Silvio Carrillo remembers going to La Esperanza, Honduras, as a child and seeing the passion his aunt, Berta Cáceres, had for people who had suffered a tragedy.
“I remember being with Berta when an indigenous woman brought in a little boy around 5 years old, who was so malnourished and died because of that,” said Carrillo, a freelance journalist and 1995 University of Maryland alumnus. “Berta knew that she needed to continue to help the indigenous community to prevent more deaths of little kids from happening.”
Cáceres, a Honduran human rights and environmental activist and a leader for the indigenous Lenca people and other groups in the region, was killed in her home in La Esperanza on March 3.

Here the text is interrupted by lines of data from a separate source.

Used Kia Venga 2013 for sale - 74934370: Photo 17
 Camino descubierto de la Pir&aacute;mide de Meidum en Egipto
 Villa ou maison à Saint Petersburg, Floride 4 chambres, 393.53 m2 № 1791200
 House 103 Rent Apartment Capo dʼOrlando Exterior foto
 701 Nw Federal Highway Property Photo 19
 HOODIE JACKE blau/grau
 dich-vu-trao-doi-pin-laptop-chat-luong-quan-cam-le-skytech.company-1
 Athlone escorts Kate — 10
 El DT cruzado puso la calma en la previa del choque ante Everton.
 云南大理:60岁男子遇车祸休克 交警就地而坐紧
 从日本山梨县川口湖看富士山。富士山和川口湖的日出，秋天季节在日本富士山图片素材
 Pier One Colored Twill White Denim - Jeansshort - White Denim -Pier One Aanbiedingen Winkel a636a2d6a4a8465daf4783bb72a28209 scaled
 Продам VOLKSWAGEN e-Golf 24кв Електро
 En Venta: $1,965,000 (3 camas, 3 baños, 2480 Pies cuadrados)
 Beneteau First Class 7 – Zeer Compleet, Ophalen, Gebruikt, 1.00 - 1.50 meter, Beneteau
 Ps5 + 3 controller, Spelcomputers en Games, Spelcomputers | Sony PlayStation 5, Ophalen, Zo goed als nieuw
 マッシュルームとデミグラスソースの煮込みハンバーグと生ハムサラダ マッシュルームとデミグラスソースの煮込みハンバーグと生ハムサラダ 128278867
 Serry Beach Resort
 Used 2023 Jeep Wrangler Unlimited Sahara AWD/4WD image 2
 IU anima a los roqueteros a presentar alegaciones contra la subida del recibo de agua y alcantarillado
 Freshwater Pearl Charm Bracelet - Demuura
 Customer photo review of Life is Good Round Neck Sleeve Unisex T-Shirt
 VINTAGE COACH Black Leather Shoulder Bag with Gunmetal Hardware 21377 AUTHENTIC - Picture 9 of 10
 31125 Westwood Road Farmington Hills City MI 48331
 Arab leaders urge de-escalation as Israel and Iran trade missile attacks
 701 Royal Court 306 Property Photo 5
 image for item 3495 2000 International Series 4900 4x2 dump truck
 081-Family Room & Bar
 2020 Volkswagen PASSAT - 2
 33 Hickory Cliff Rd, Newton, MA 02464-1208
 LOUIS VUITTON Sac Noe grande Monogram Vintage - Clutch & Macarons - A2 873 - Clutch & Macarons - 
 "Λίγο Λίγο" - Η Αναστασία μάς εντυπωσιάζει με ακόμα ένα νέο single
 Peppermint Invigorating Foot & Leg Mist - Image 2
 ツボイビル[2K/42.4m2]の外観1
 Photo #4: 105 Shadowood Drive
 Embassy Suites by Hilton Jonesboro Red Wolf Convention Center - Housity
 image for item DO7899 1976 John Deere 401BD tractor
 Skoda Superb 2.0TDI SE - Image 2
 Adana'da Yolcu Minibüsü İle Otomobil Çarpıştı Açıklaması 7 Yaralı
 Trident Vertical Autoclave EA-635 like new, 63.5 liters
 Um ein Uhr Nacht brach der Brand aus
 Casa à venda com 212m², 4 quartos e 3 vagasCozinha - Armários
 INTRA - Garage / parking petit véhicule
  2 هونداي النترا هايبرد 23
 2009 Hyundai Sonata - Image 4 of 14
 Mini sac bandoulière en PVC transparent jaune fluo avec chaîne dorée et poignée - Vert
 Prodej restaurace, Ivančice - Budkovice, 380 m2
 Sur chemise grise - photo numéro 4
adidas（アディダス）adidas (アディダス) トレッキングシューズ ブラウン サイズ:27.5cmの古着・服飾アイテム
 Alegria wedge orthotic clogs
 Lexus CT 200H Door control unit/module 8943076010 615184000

Two of her relatives, Carrillo and his nephew Daniel Rodriguez, also an alumnus of this university, are now among the many speaking out against her death and the violence in Honduras.
Though the details surrounding her death are still uncertain and police call the incident a botched robbery, many in Honduras believe the shooting was a political assassination, according to The Daily Beast.
While in Washington this past week, Carrillo lobbied to Congress to stop funding to Honduras.
“We asked to suspend all security and military aid to Honduras and to review any other aid provided to the Honduran government in order to pressure their government to allow for a serious, independent international investigation by an organization with a mandate of Berta’s murder,” Carrillo said.
Rodriguez, a 2009 alumnus who works in IT management, traveled to Honduras for her funeral. He said his aunt should have not had to lose her life the way she did.
“She was so well-respected in her community,” Rodriguez said. “They just wanted to silence her because her beliefs were different from theirs.”
Before her death, Cáceres was actively opposing a dam project that would take land away from the Lenca indigenous people in Honduras, Carrillo said.
Ana Patricia Rodriguez, a professor in the Spanish and Portuguese department, said Cáceres died for something she believed in.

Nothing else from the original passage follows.